Changes announced to Saskatchewan immigration changes, newcomers upset
Canada, 16th May: Canadian province Saskatchewan has announced some major changes to its immigration program earlier this month.
The changes were announced by Saskatchewan immigration minister Rob Norris on 1st May, 2012 at the Regina Newcomer Welcome Center.
Changes to Saskatchewan immigration nominee program—Giving details about the new rules for Saskatchewan immigration program, Norris said the aim is to make the application process more open and fair.
Sponsorship limited to one family member --As per the changes, immigrants will be permitted to sponsor only one family member provided that family member has a permanent offer of skilled job position. So, Saskatchewan immigrant nominee program will accept one application from each household until the main applicant along with his family has settled down in the province.
For better integration of newcomers in Saskatchewan--The good thing is that such changes will help in immigration of immediate families together. The additional requirement of job offer will make sure to establish a better connection between high-skilled jobs and high-skilled immigrants.
Speaking about the new requirements, Norris said Saskatchewan has seen families making multiple applications.
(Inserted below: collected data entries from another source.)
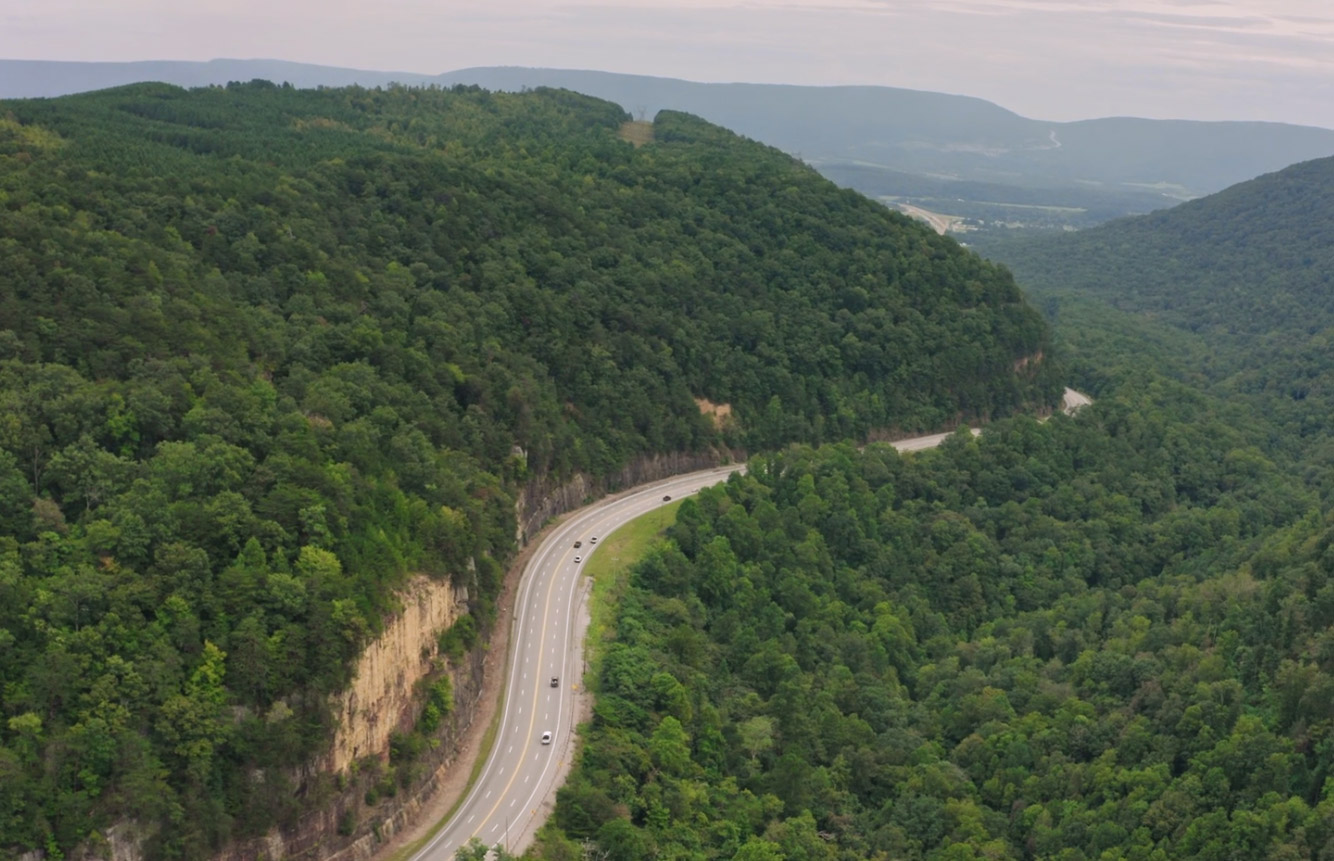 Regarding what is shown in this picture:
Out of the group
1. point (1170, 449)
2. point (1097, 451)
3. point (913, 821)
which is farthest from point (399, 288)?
point (1170, 449)

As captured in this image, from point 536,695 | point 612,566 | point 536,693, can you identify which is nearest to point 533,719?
point 536,695

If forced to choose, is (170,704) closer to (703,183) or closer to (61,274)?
(61,274)

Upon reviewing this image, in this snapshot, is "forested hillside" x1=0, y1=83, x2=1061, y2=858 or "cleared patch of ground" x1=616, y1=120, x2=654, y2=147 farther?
"cleared patch of ground" x1=616, y1=120, x2=654, y2=147

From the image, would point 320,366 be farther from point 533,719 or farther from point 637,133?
point 637,133

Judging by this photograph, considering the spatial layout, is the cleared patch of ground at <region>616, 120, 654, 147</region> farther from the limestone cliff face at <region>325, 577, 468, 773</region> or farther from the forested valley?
the limestone cliff face at <region>325, 577, 468, 773</region>

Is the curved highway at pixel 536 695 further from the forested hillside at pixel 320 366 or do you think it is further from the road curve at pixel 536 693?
the forested hillside at pixel 320 366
And this is ruining chances of Saskatchewan immigration for other families, informed Norris.
So, the changes will help to avoid such a happening under Saskatchewan immigration nominee program, he clarified.
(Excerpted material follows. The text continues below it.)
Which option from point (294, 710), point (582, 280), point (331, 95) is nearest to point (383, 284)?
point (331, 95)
Newcomers upset by changed Saskatchewan immigration program--Prior to the new Saskatchewan immigration rules, immigrants enjoyed the ability to offer sponsorship to an unlimited number of family members for joining them in Saskatchewan subject to fulfillment of various eligibility conditions of SINP (Saskatchewan Immigration Nominee Program).
And to make things worse for newcomers in Saskatchewan, these changes were announced before any prior hint or a timeframe.
According to PCCA (Pakistan Canada Cultural Association), changes introduced to Saskatchewan immigration program are hurting newcomers. Syed Mozzam, general secretary of PCCA, says the move to cap the total number of family nominations to be made at one time is not welcoming.
Many newcomers have moved from Toronto, Vancouver and Calgary to Saskatchewan and set up businesses and purchased big houses here to prepare for the arrival of their family members, Mozzam states.
But, with changed Saskatchewan immigration rules, families will be compelled to choose whom they want to bring to Canada, he maintained. Newcomers in Saskatchewan have called upon the urgency to address the new changes at the earliest.